You are right. You can't change the past, but you can change how you respond to it in order to change your future. That is what I have been doing. I have a legacy to protect - my three sons, and I do not want them burden with the "sins of the father" that were past on to me, nor do I want my "sins" to be past on to them. It took a tremendous amount of will and strength to change so unilaterally, but I did it - no, I am doing it.
As for my parents, I've begun working on them already. At first, it scared them, but slowly they are coming around to knowing that my compassion for them outweighs any burden of hate or ill will that may have been birthed within our relationship when I was a child. I know they were once fearful of what this past year had brought because I began digging into my past to find the source of my suffering, but they will see there is nothing to fear.
At the end of this journey, they will see that I will not leave their side as a son - but things will be different because they will be better and so will I, regardless of whether there is a hereafter or not. It will happen, it has already begun.

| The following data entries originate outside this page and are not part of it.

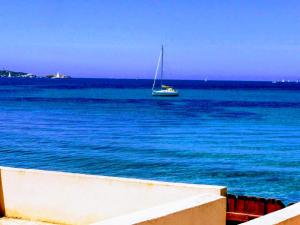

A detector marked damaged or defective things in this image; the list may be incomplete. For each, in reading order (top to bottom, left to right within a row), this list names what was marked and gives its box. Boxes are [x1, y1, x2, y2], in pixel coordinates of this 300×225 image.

red rusted structure [226, 194, 284, 224]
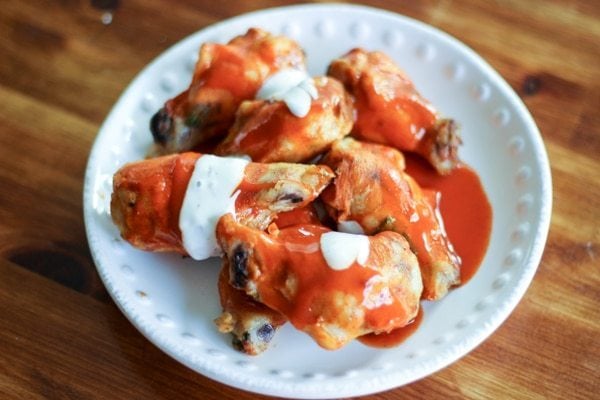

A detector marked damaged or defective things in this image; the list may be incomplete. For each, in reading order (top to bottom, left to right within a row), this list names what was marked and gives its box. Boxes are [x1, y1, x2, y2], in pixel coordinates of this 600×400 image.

charred spot on wing [150, 108, 173, 145]
charred spot on wing [230, 245, 248, 290]
charred spot on wing [258, 324, 276, 342]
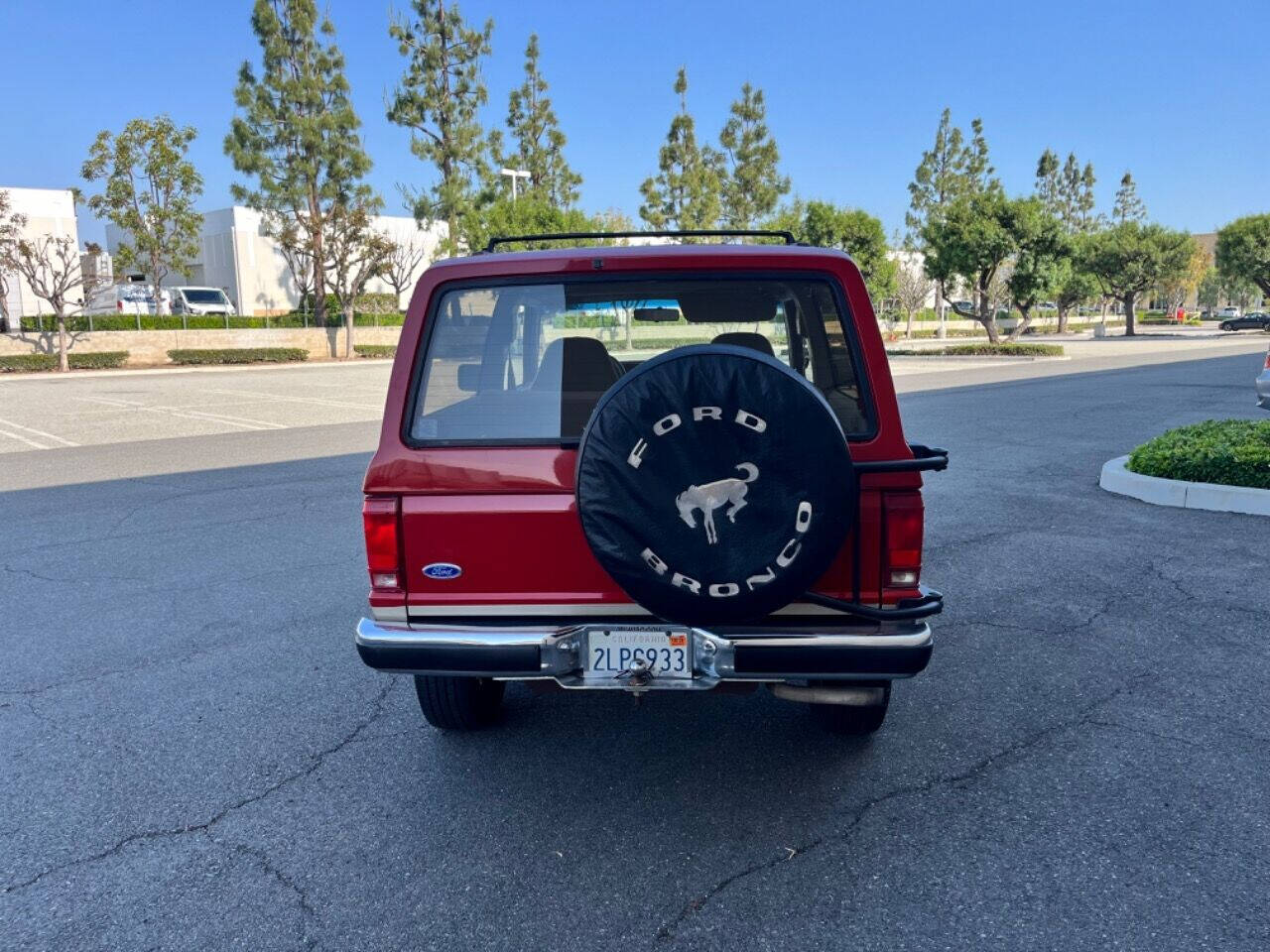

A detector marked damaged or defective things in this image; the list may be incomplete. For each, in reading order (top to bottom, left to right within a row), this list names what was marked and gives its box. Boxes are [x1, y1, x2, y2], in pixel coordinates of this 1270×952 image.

crack in asphalt [1, 680, 396, 898]
crack in asphalt [655, 669, 1163, 949]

Steven Pinker in "The Better Angels of our Nature" argues that we humans have been getting progressively less violent throughout our history (and Jonathan Haidt has said that we are domesticated apes, remaining childlike and playful all our lives, instead of turning into mad aggressive beasts like the wild primates do as adults).

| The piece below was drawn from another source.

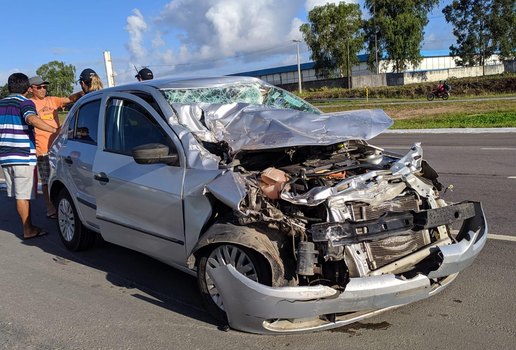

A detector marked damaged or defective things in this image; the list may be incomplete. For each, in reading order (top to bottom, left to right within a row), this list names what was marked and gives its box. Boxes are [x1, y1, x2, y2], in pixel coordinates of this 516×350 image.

shattered windshield [163, 80, 320, 113]
crumpled hood [172, 102, 392, 154]
wrecked silver car [49, 76, 488, 334]
detached bumper [207, 202, 488, 334]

Your story sounds like one of "breaking the cycle". Perhaps all through our history as a species, people have been "breaking the cycle".
Interesting, Paynton, that you didn't post this on the discussion about the three boys who murdered the Australian jogger for the fun of it.
IF it is true that, "we humans have been getting progressively less violent throughout our history," I attribute it to at least three factors:
Are adult apes "mad aggressive beasts"?
@Simon. Yes, you would be correct. I have often used the Biblical language of "the sins of the father" to refer to cyclical nature of dysfunction and abuse in a family unit, and in my case this is exactly what I have been breaking away from. The church as an institutional system suffers from the cycle of generational sin that can only be overcome by those willing to face it and make the hard decisions necessary to overcome it. Sadly, however, most people avoid such tasks due to their daunting and costly nature of restoring health, much like chemotherapy is hard on the physical body of one suffering from cancer.
Coincidentally, I am tickled that you mention "breaking the cycle" to describe what has been taking place in my life. I have three other individuals indepedently mention such a thing to me, and they even had less of a descriptive narrative in terms of my experience because I was actually in the midst of it at the time. Now I am at the tail end.
Oh, and also, to one of their credit, she had caught on to it long before I had even gone through such an experience, and had told me (almost in a prophetic way) that I was responsible for breaking the cycle - her exact words were breaking the chain. That woman happened to be my mother, and she saw what I was capable of even in her own dysfunction. It's nice to have a mom like that, even though her personal wounds of the past were in play in my childhood.
But remember this about your mother Barry (and I must assume that goes for your father, as well), her wounds are as real as your own, and she's carried them far longer. Strikes me, her acknowledgement laid the groundwork for a bridge between the two of you.
I love em Barry! You'll have to show when it's all colored in too! I'm still a tattoo virgin but not for long! lol....I always joke with people who get their first tattoo that they'll be all inked up in no time. I don't know a single person with just one tattoo....they're addicting.